Collaboration with IMG

Jane is working with Iain Anderson from IMG. The first set of IMG terms (about 1800) from April 2007 have been mapped and sent back, but since then another approx 1500 terms have been added to IMG and I am currently mapping these. The IMG pathways and parts also require mapping.

I am collaborating with Antonio Jimeno from Dietrich Rebholz-Schuhmann's group (EBI) to create automatic mappings for these terms, which I then manually verify and return the data to him to improve the algorithms. We hope to eventually use this work to create a generic vocabulary mapping tool.

Reference Genome Project

Target genes

- There are currently 394 genes in the Target gene list. - Selection of genes: Since Nov 2007, we rotate the group selecting target genes. - Curation priorities: Since Nov 2007, targets are not only disease genes anymore. We select 20 genes, 5 in each of 4 categories: (1) disease genes, (2) 'hot genes', (3) metabolic pathways, (4) uncharacterized.

Annotation Progress

Organism # genes looked at # genes with orthologs # genes curated
Arabidopsis 372 131 (35%) 129 (98%)
Caenorhabditis 412 271 (66%) 198 (73%)
Gallus 99 82 (82%) none marked completed
Homo 394 393 (99%) 231 (59%)
Mus 394 382 (97%) 338 (88%)
Saccharomyces 394 164 (41%) 159 (95%)
Drosophila 376 171 (45%) 70 (41%)
Rattus 394 347 (88%) 250 (72%)
Danio 374 283 (75%) 264 (93%)
Dictyostelium 351 164 (46%) 53 (32%)
Schizosaccharomyces 334 124 (37%) 105 (85%)
Escherichia 375 51 (13%) none marked completed


2008-04-RefGenomeMetric-all data.jpg

Annotation Quality Control

We are trying to address the issue of quality control of the annotations.
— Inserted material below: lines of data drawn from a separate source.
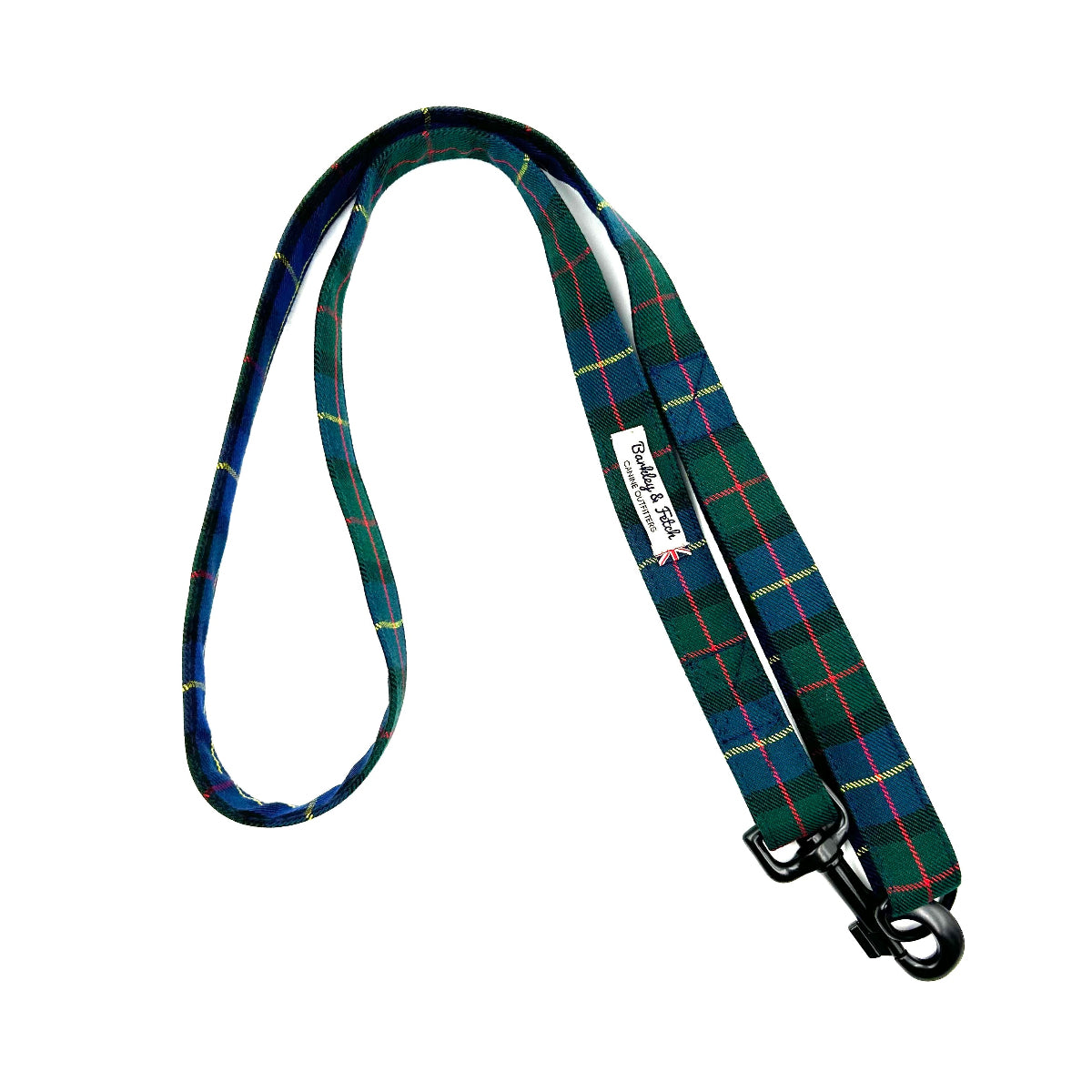 Green plaid dog leash with a metal clip on a white background handmade in the UK by Barkley and Fetch
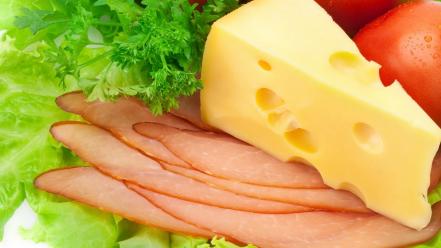 Cheese bacon salad slices wallpaper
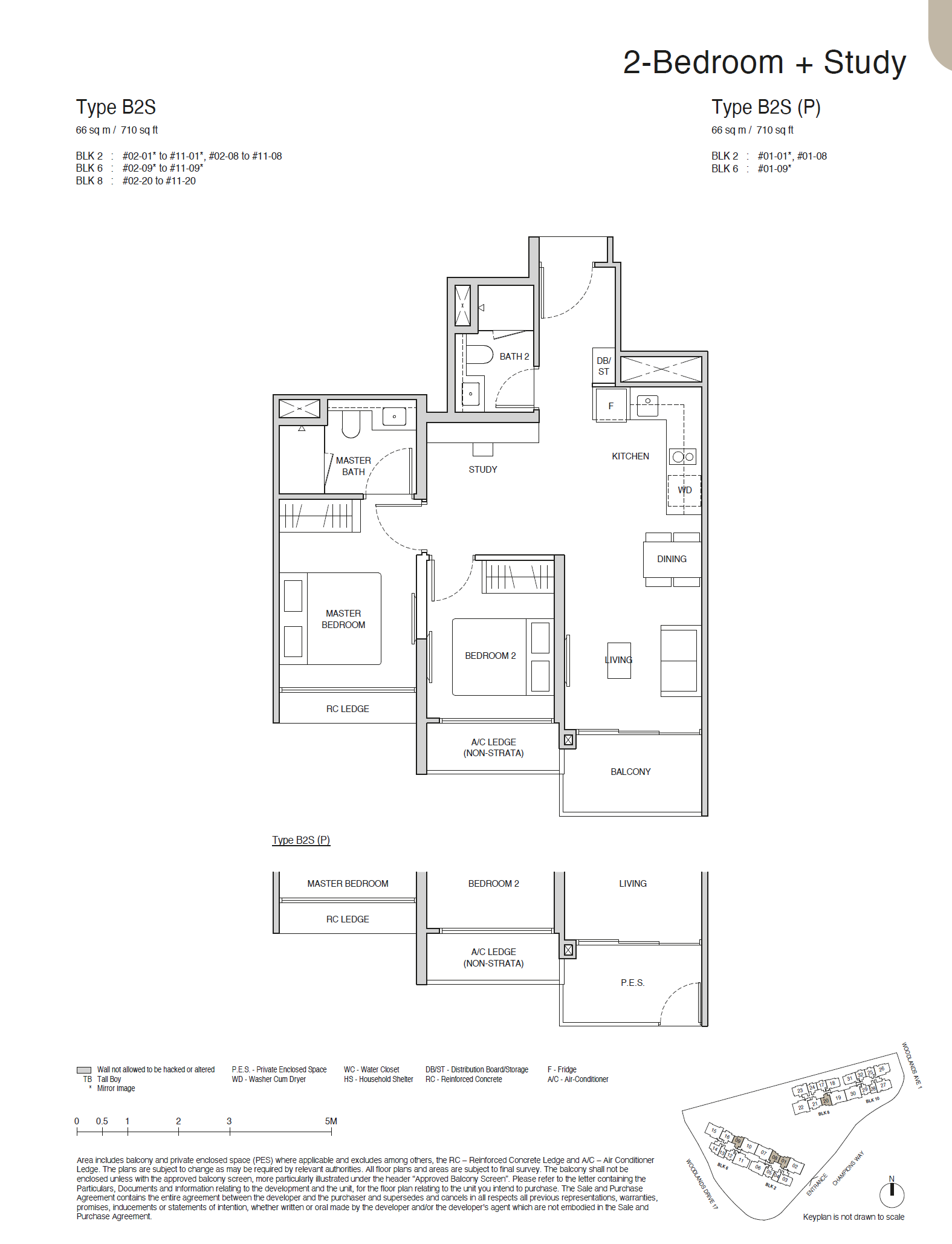 Norwood Grand floor plan B2S — 2 BEDROOM + STUDY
Some of the concerns are:

  • Omission of annotations
  • Errors in annotations
  • Absence of 'with' for ISS annotations or 'with' object not experimentally characterized
  • Overannotation with ISS to process terms
  • Problems in the ontology that can become evident when comparing annotations from different species

Methods to address this:

  1. There are some queries that can be done: for example, genes for which an ortholog has GO annotations and that is either lacking annotations or annotated to ND
  2. (Val Wood): Looking for co-occurences of annotations as a high-level way to check for errors
  3. Manual verification of ortho sets (Source forge tracker: http://sourceforge.net/tracker/?group_id=36855&atid=1040173

Software development

Currently the targets genes and annotation status are captured using Google spreadsheets (Target genes and links to every group's annotation status page can be found at http://spreadsheets.google.com/ccc?key=pwOksMOra5uq4vIYjPgefPw

  1. Ortho set curation status: Siddhartha Basu, Chris Mungall, Seth Carbon and Mary Dolan are working on a database and a tool where target genes (ortho sets) and their curation status will be maintained.
  2. Graphical displays (Mary Dolan): several improvements
  3. Integration of ref genomes genes into AmiGO

Generating Ortholog sets

P-POD: Kara Dolinski (Princeton) : Procedure:

  1. Obtain FASTA files from each group from gp2protein files
  2. all vs all BLAST
  3. Ortho MCL
  4. ClustalW
  5. PHYLIP
  • Notung
  • Output will be rooted trees reconciled with species tress, graphic image of tree
  • We are on the Notung step right now and are adding data as they are generated. Currently, OrthoMCL families can be queried by gene name, though you just get back a list of members right now. Data are being made available as soon as we have them:

Web interface: http://ppod.princeton.edu/cgi-bin/ppod.cgi FTP site: ftp://gen-ftp.princeton.edu/ppod/go_ref_genome/

Communication

The reference genome group holds a monthly phone conference. Minutes can be found at Conference_Calls

Software and Utilities

OBO-Edit

  • Major code refactoring, split into 3 parts: general utils (org.bbop), object model and API (org.obo) and GUI (org.oboedit)
  • converted map2slim to OE framework
  • SWUG:OBO-Edit Report 2008-04
  • OBOMerge GUI in progress (Jen)

AmiGO development

Annotation

Database

  • support for species taxonomy trees added (e.g. we can now do searches by kingdom, phylum etc), in production
  • support for homolsets added to schema (for refG), in production
  • added support for GO.xrf_abbs (not yet in production)
  • added multiple views to facilitate reporting: see http://www.berkeleybop.org/goose/reports

Reference Genomes

General

Personnel

John left for Google. Nomi has stepped in to steer the OEWG. We have hired a developer to work on OE full time, but this person is stuck outside the country due to new US entry regulations. Sohel left, Siddhartha joined dictyBase and is now working on the refG tracker. Jen has been dabbling in OE development.

User Advocacy

GO helpdesk

Continues to be run efficiently on a rota system. The email system was recently moved to Mailman.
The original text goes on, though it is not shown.